Dalam kurun waktu ini, perkembangan otak anak bergerak luar biasa pesat, bahkan mampu membentuk hingga 250 ribu sel saraf setiap detik saat dalam kandungan. “Bila nutrisi, kesehatan ibu, dan lingkungan mendukung, anak lahir dengan potensi 100 miliar sel otak aktif. Ini adalah modal yang sangat berharga,” ujar Fasli saat konferensi pers, Senin (30/6/2025). Sayangnya, jika dalam fase penting ini terjadi gangguan, baik dari sisi kesehatan ibu maupun kondisi sekitar, maka jumlah sel otak yang terbentuk bisa turun drastis hingga hanya 70–80 persen saja.

Prof. Fasli menegaskan, stimulasi sejak dini sangat memengaruhi kualitas tumbuh kembang anak. Tidak hanya tentang nutrisi yang bergizi, stimulasi juga berarti memberikan rangsangan sosial, emosional, serta interaksi yang intensif. Seorang anak yang sering diajak bicara, dipeluk, dan dikenalkan berbagai pengalaman positif terbukti memiliki perkembangan kosakata yang jauh lebih kaya dibanding anak yang jarang mendapatkan stimulasi. “Kosakata anak bisa berada di kisaran 3.000 hingga 30.000 kata, tergantung seberapa sering orang tua berinteraksi dengan mereka,” tambahnya.

Menurut penelitian yang sudah berjalan puluhan tahun, perkembangan kecerdasan tidak hanya ditentukan oleh faktor gizi dan kesehatan, tetapi juga oleh kualitas pola pengasuhan dan perlindungan dari kekerasan. Anak-anak yang dibesarkan dalam lingkungan aman, penuh kasih sayang, dan diberi kesempatan bereksplorasi, cenderung tumbuh menjadi pribadi yang berani, kreatif, dan berdaya saing tinggi di masa depan.

Sayangnya, masih banyak orang tua yang menganggap Pendidikan Anak Usia Dini (PAUD) hanya sekadar tempat bermain. Padahal konsep bermain di PAUD adalah cara belajar paling efektif bagi anak-anak usia dini. Fitriana Herarti, ECED Ecosystem Development Lead Tanoto Foundation, menjelaskan bahwa pendekatan bermain justru melatih beragam kemampuan anak mulai dari motorik, kognitif, bahasa, hingga emosional. “Belajar sambil bermain adalah metode pembelajaran terbaik untuk anak usia dini. Anak menyerap konsep-konsep dasar tanpa merasa tertekan,” ujarnya.

Ia juga menekankan bahwa memilih lembaga PAUD tidak semata-mata tentang mahalnya biaya, tetapi lebih penting memperhatikan kualitas pendidik dan cara mereka berinteraksi dengan anak. Guru PAUD harus mampu menciptakan suasana belajar yang menyenangkan dan memancing rasa ingin tahu anak. Dengan cara ini, anak akan merasa dihargai dan difasilitasi untuk menumbuhkan minat serta bakatnya sejak dini.

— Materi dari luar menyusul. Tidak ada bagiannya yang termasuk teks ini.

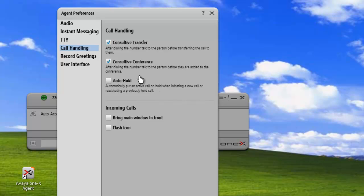The next option we have is auto hold. If we check this, any time that we make or initiate another call or answer a held call, it automatically puts the previous call on hold.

Fitriana mengingatkan bahwa tidak sedikit orang tua yang masih salah kaprah, misalnya menunda anak makan nasi karena dianggap terlalu keras, padahal di usia satu tahun anak sudah perlu belajar mengunyah agar rahang dan kemampuan bicaranya berkembang. Atau menganggap anak usia satu tahun belum perlu diajak berbicara, padahal di usia tersebut anak sedang menyerap ribuan kata yang kelak membentuk kemampuan bahasanya. “Kalau kita tidak menstimulasi, ibarat spons palsu — air segelas pun akan tumpah. Tapi kalau spons asli, seember pun diserapnya,” tambah Fasli, mengibaratkan kemampuan otak anak yang harus diisi dengan rangsangan positif.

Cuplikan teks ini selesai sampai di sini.